To look for a gene-dosage effect, plasma HDL-C and apoA-I levels in subjects homozygous and heterozygous for the A allele were compared (Table 1Up). In women, no evidence for a gene-dosage effect of the A allele on HDL-C was apparent. Although plasma apoA-I levels tended to be higher (5%) in female A allele homozygotes than heterozygotes, the difference was not significant. HDL-C and apoA-I levels in men homozygous for the A allele were higher (10% and 8%, respectively) than those in heterozygotes, but this difference was not significant (Table 1Up).

Exogenous Influences on HDL-C
Because smoking has been reported to be an important variable in determining the effect of the A allele on HDL-C levels,27 the proportion of smokers in each group was compared. Among A+ women, 25% of the 56 subjects for whom the information was available were smokers; among A- women, 31% of 155 subjects smoked. Among A+ men, 30% of 82 were smokers; among A- men, 23% of 198 were smokers. Thus, no differences in the proportion of smokers were observed between the A- and A+ subject groups.

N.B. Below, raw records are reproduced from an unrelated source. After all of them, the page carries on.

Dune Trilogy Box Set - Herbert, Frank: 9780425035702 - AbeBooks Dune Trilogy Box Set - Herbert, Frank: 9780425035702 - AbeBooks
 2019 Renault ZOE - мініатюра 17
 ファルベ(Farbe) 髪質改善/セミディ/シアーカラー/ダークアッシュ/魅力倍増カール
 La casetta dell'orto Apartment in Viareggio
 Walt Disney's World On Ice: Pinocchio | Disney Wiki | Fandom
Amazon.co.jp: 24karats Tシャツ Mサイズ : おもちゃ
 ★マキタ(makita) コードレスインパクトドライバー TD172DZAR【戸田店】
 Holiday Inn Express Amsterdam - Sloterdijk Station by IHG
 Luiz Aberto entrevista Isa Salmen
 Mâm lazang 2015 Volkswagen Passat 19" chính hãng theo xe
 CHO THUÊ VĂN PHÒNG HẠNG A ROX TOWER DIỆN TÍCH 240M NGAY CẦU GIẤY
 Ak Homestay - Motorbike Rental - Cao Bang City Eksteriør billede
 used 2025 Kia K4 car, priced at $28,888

The proportion of women taking oral contraceptives was similar in A+ (7 of 49, 14%) and A- (24 of 148, 16%) subjects for whom this information was available. In addition, none of the A+ and 10 of the A- women were taking hormone replacement therapy. In the current sample, neither smoking nor hormone use contributed significantly to interindividual variability in plasma HDL-C levels.

HDL-C Distribution in A+ and A- French Canadian Subjects
The distribution of adjusted HDL-C levels among A+ women was consistent with a mixture of two normal distributions ({chi}2=10.2, 2 df, P<.01 versus a unimodal model) with peaks (means) at 50 and 77 mg/dL. The latter value corresponds to approximately the 95th percentile of HDL-C levels in this sample of French Canadian women. In contrast, this distribution among A- women was skewed (Fig 1Down), with a mean of 52 mg/dL HDL-C. For the A- women, no evidence for bimodality of the log-transformed data was apparent ({chi}2=1.2 versus a unimodal model). The distribution in A- but not A+ men was skewed, with a mean of 46 mg/dL for both (Fig 1Down). No evidence for bimodality was obtained in either group ({chi}2=3.0 and 2.1 for A+ men and log-transformed distributions in A- men, respectively).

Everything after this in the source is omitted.